À l’heure où la demande de scènes de genre se raréfie, cette nouvelle production marque un véritable tournant dans sa carrière et un apport financier non négligeable. Sa dextérité lui permet de se distinguer de sa sœur, la miniaturiste Marie-Anne Fragonard qui travaille dans la lignée de son époux, dont il retouchait par ailleurs volontiers le travail. Tout comme dans ses scènes de genre, la figure de l’enfant ainsi que la figure féminine tiennent une place centrale dans ses petits portraits.

Notre portrait peut être daté de la fin de la Terreur, vers 1794. Pour la réalisation de ces miniatures, Marguerite Gérard privilégie une technique particulièrement délicate en réalisant de petites huiles sur toile qu’elle fixe sous verre. Ce procédé permet d’accentuer les détails minutieux du visage du traitement des pommettes, des cernes jusque dans le reflet des boucles d’oreilles d’or que porte le modèle. Ces mêmes détails se retrouvent dans quelques-unes de ses œuvres comme en témoigne le portrait de jeune femme conservé au musée du Louvre (ill. 1).
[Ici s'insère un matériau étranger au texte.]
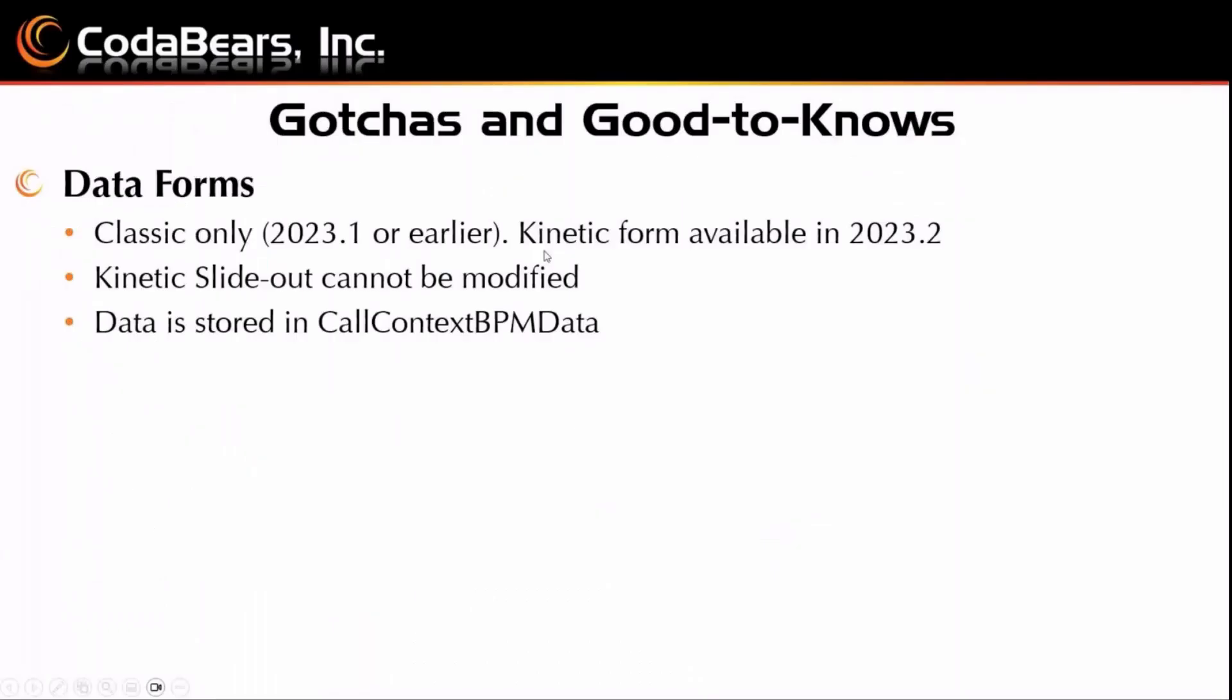Okay, so here's some gotchas and good to knows. So classic only in 2023.1 or earlier, the kinetic form is available in 2023.2. That kinetic slide out cannot be modified. And all that data is stored in the call context BPM data.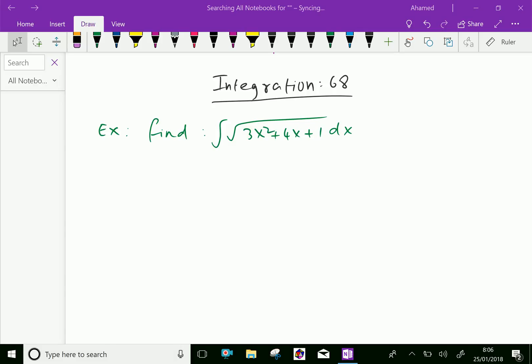Welcome to amineacademy.com. In integration, let us do some example problems of integration of a function that is a quadratic function under the square root. Example: find integration of square root of 3x squared plus 4x plus 1, dx.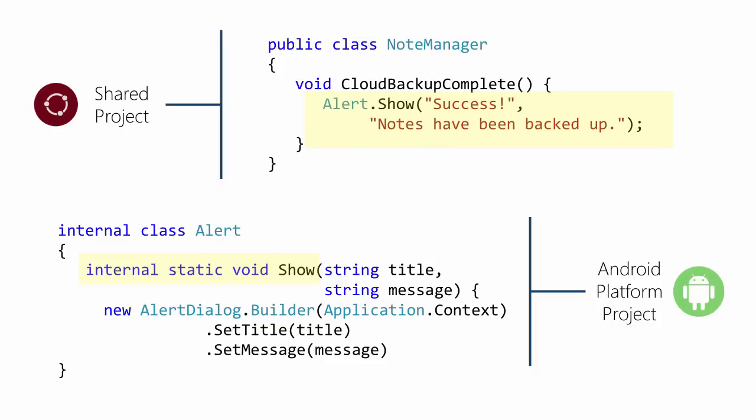This works because the shared project code is compiled as part of your platform-specific code. In other words, NoteManager is actually a class compiled into your Android project even though it's defined as a shared class in a shared project.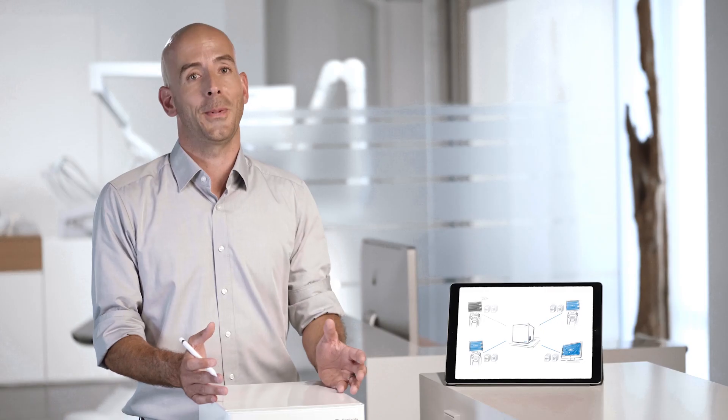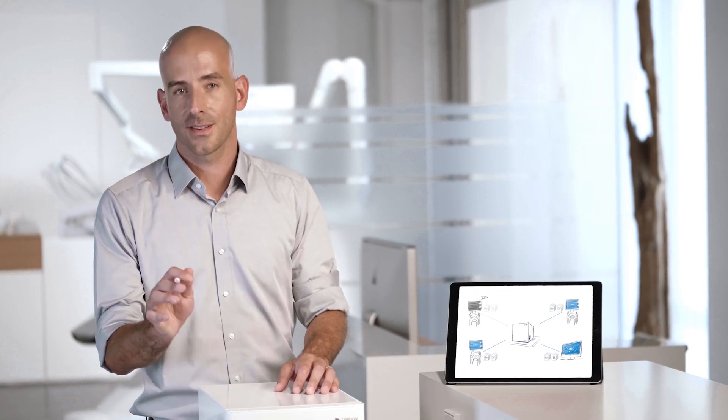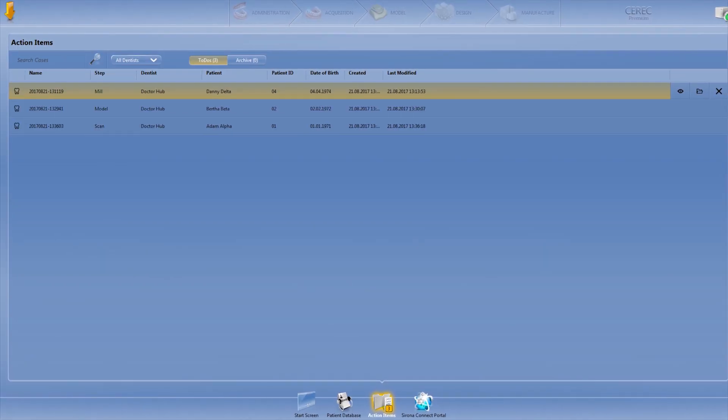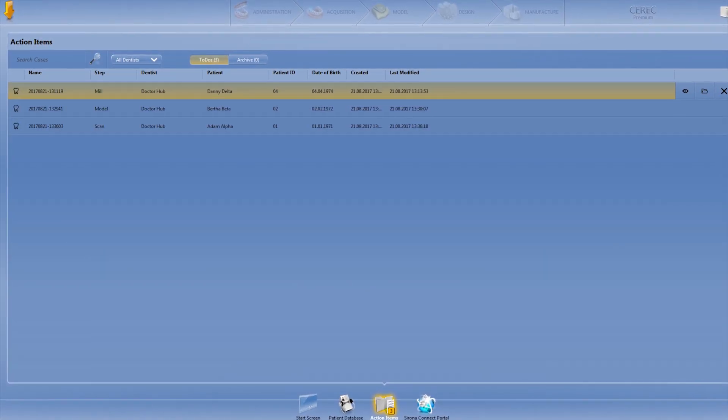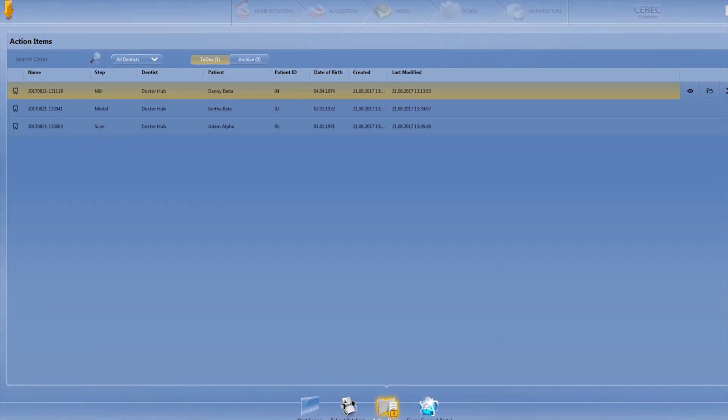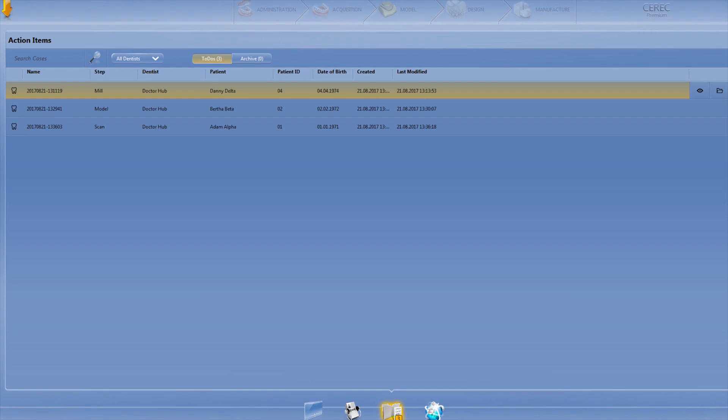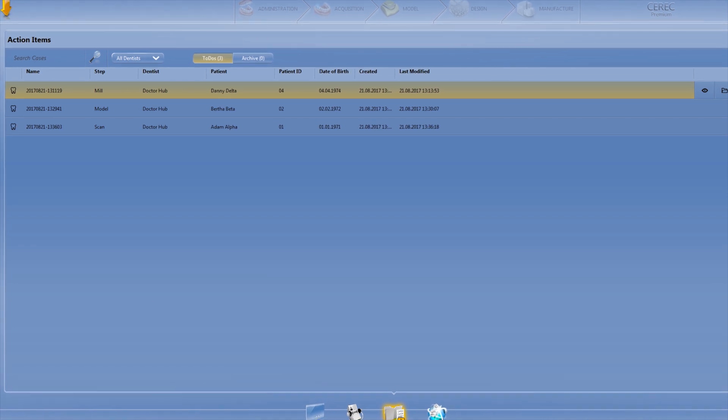Not bad, huh? But here's the best part. In a shared action items list, all current CEREC cases in the Practice are shown, including their status.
Sa virtuosité s’exprime tout aussi dans le soin accordé au naturalisme et à l’individualisation des profils. Elle choisit judicieusement de les représenter en buste afin de démontrer sa capacité à rendre la physionomie et le travail mené sur le rendu des chairs (ill. 2).
Qu’il s’agisse d’un tableau de chevalet ou d’une œuvre dont le diamètre n’excède pas les 7 centimètres, Gérard porte une grande attention aux jeux d’ombre et de lumière. Son pinceau, d’une extrême finesse, lui permet de donner l’illusion des matières et des épaisseurs. Dans notre portrait, ce traitement est particulièrement visible dans le nœud du fichu, dans le pli du tissu marquant la poitrine ou encore dans le fin châle aux extrémités brodées qui couvre les épaules de la jeune femme. Ces jeux de transparence de matière évoquent tout aussi un sentiment de spontanéité et d’authenticité, révélant une relation personnelle entre l’artiste et son modèle.

En débutant sa carrière l’année du couronnement de Louis XVI, peignant son dernier tableau lorsque Charles X monte sur le trône, Marguerite Gérard est l’une des rares femmes artistes à avoir connu une carrière si prolifique. Elle parvient à hisser la scène de genre au niveau de la peinture d’histoire, talent pour lequel elle est salué par les critiques qui félicitent par ailleurs son don dans la réalisation des miniatures, traitées systématiquement avec la tendresse et l’émotion dont elle fait usage jusqu’à son dernier portrait la veille de la monarchie de Juillet.